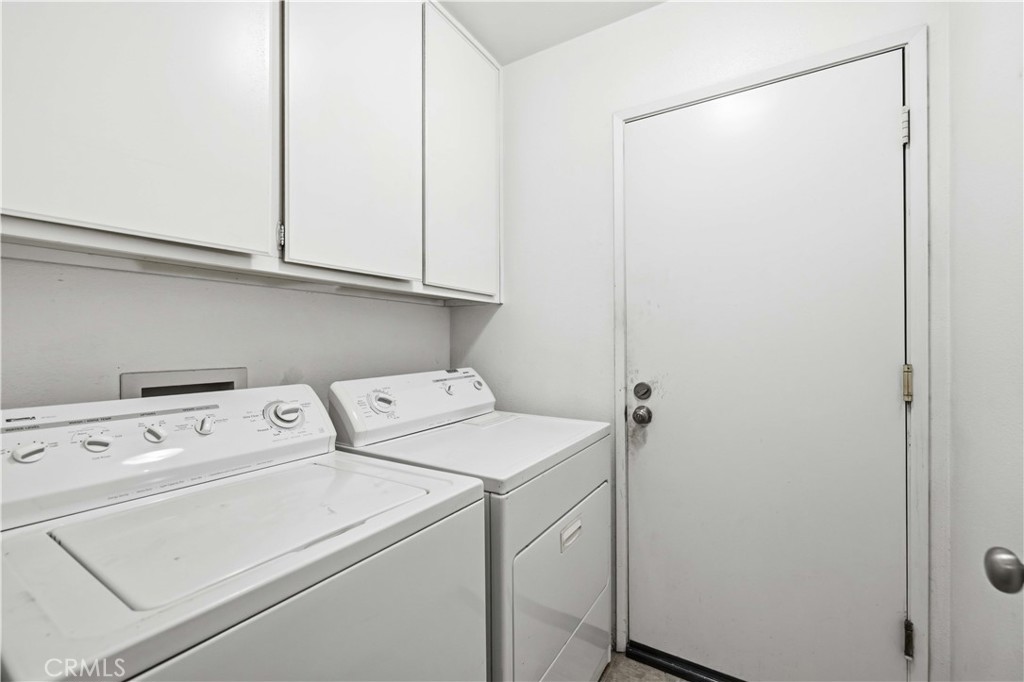 39341 Rockcliff Court Property Photo 15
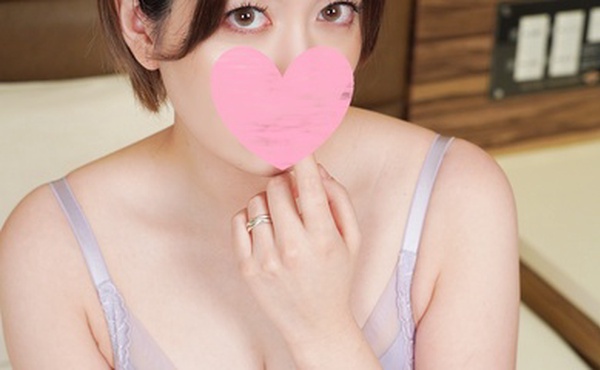 FC2-3245176 【無修正】【人妻】結婚2年で旦那とレス。そそり勃った年下チンポに我慢できずマン汁垂らして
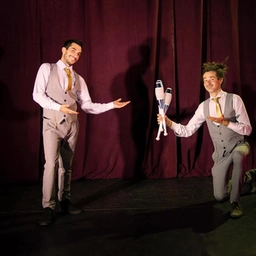 Il grande spettacolo del circo. Il divertimento si fa in tre fra illusionisti, musica e clown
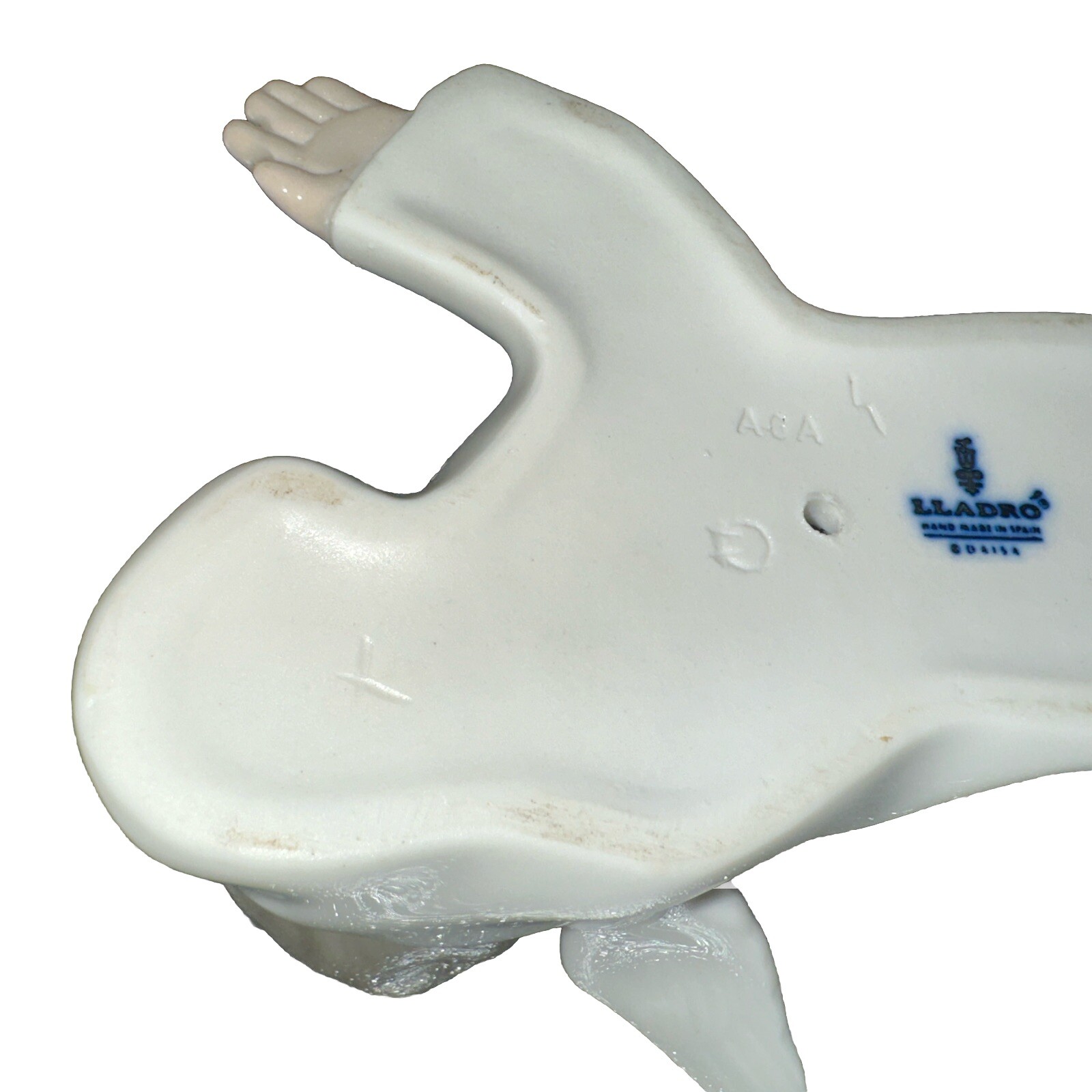 ANGEL LAYING DOWN by Fulgencio Garcia – Lladró #4541 – Retired 2005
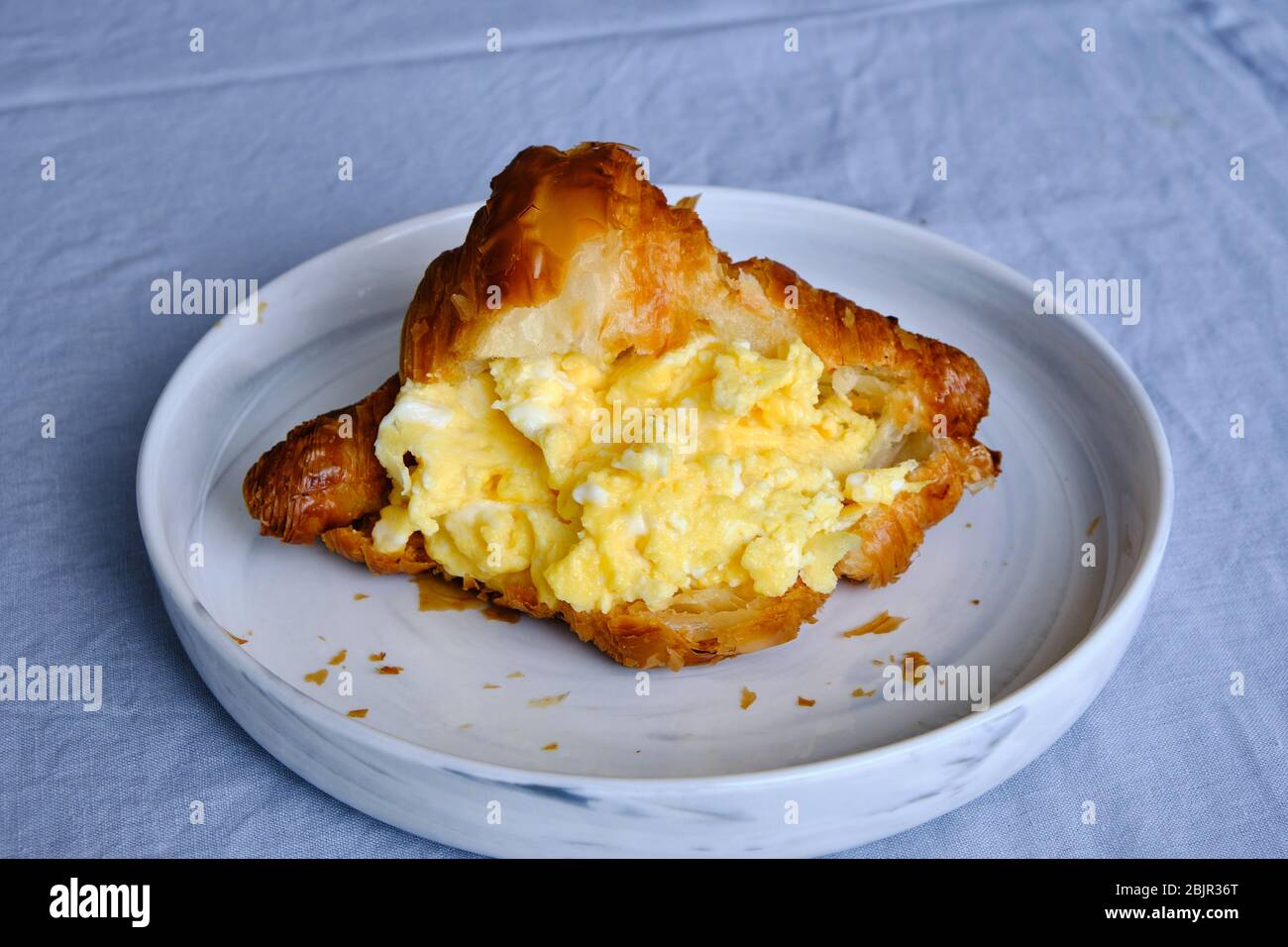 croissant con uova strapazzate Foto Stock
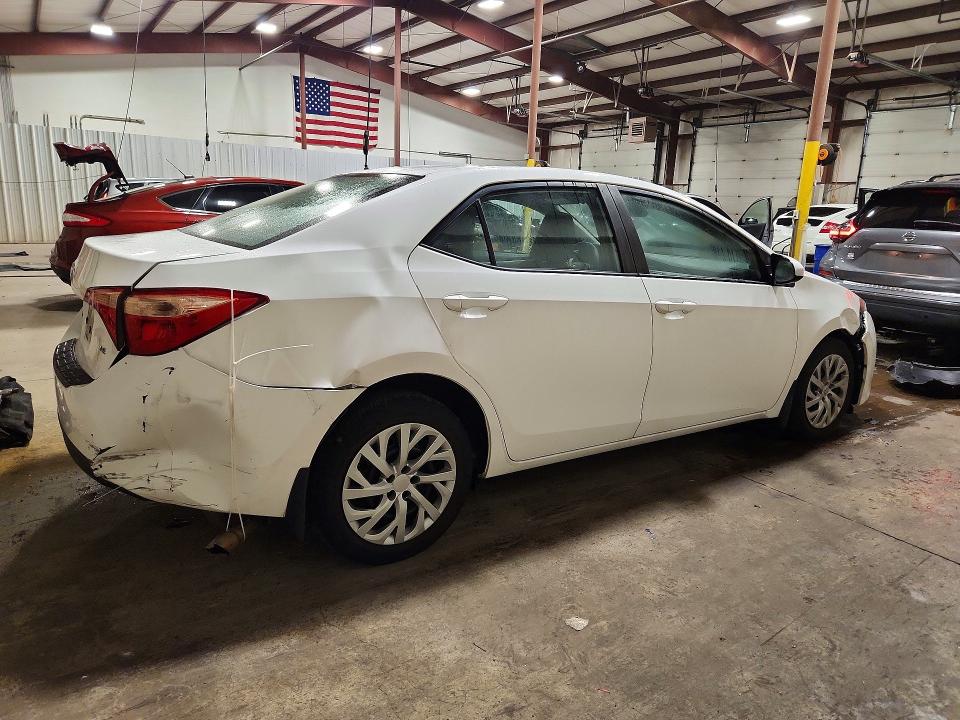 Aukcja sprzedaży 2018 Toyota Corolla, vin: 2T1BURHE8JC058088, numer aukcji: 65279136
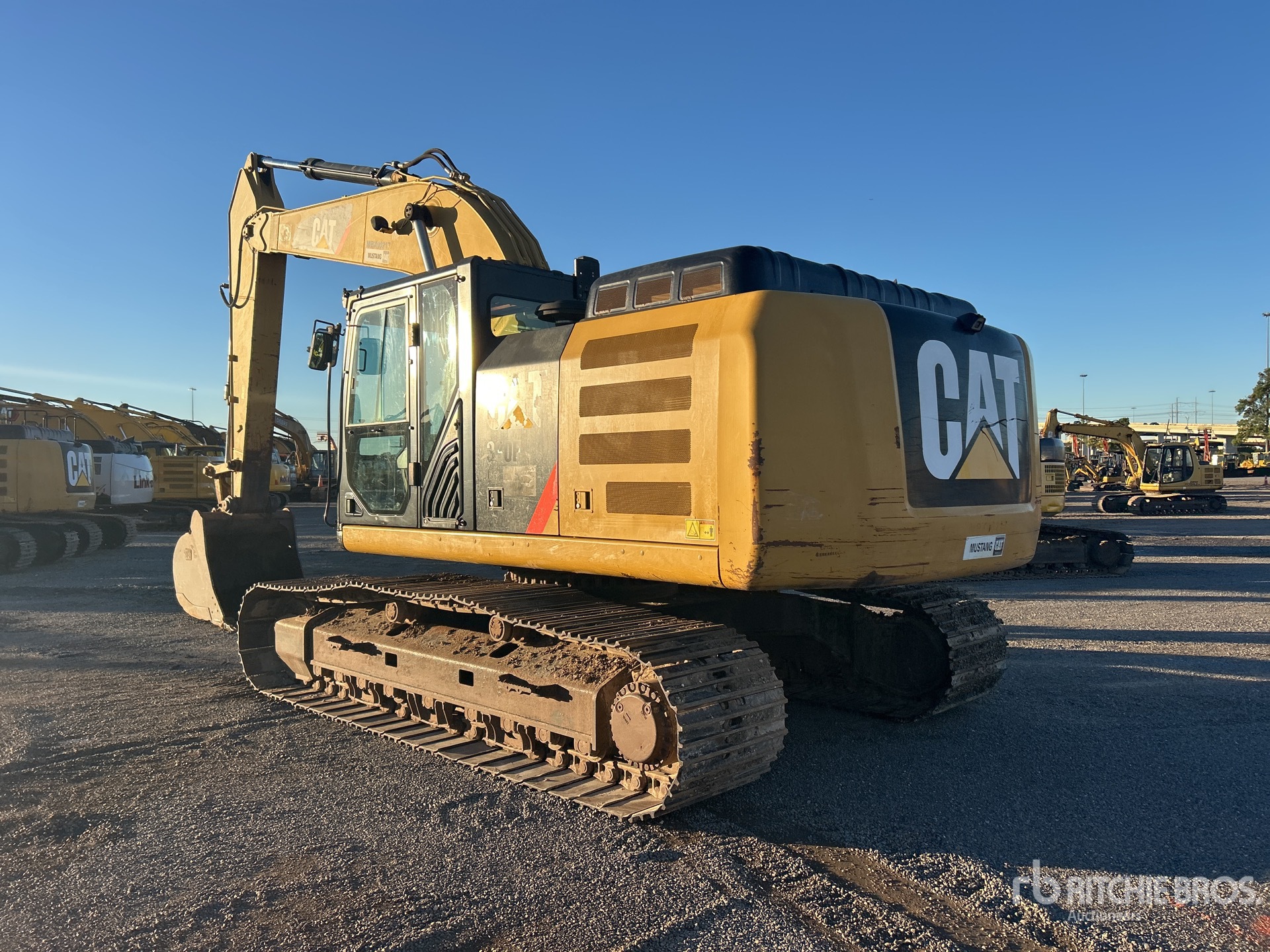 Aspect général with Image, coin arrière gauche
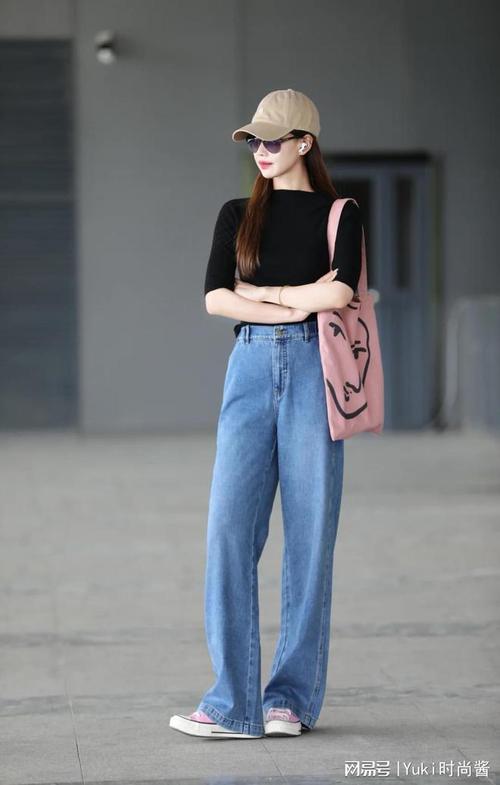 牛仔裤配什么颜色的上衣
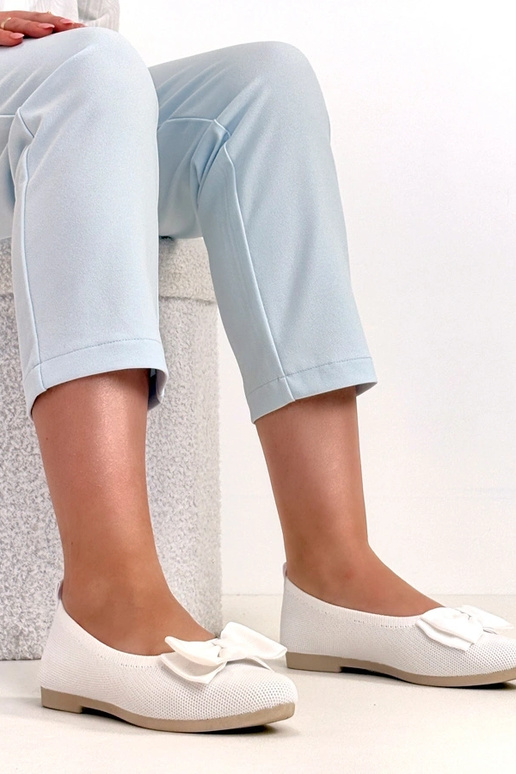 Witte stoffen ballerina's met strikje...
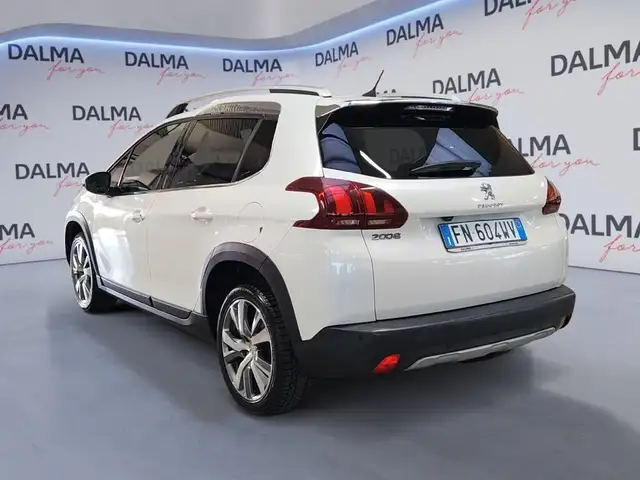Peugeot 2008 view 3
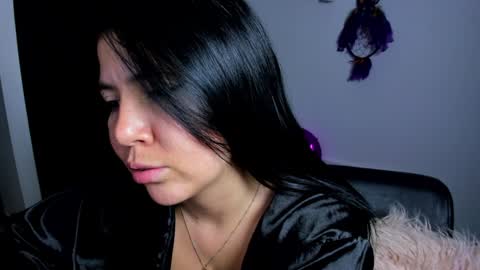 Snapshot of daahanna_ chatting on 01-22-25, 07:46 Ailyn online show from 01-22-25, 07:46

■ ■ ■ ■

▶ TASK DETAILS: Starting at the line that contains "ANGEL LAYING DOWN", extract each line through the last line of the material exactly as written, and include no pictures.

▶ YOUR RESPONSE:
 ANGEL LAYING DOWN by Fulgencio Garcia – Lladró #4541 – Retired 2005
 croissant con uova strapazzate Foto Stock
 Aukcja sprzedaży 2018 Toyota Corolla, vin: 2T1BURHE8JC058088, numer aukcji: 65279136
 Aspect général with Image, coin arrière gauche
 牛仔裤配什么颜色的上衣
 Witte stoffen ballerina's met strikje...
Peugeot 2008 view 3
 Snapshot of daahanna_ chatting on 01-22-25, 07:46 Ailyn online show from 01-22-25, 07:46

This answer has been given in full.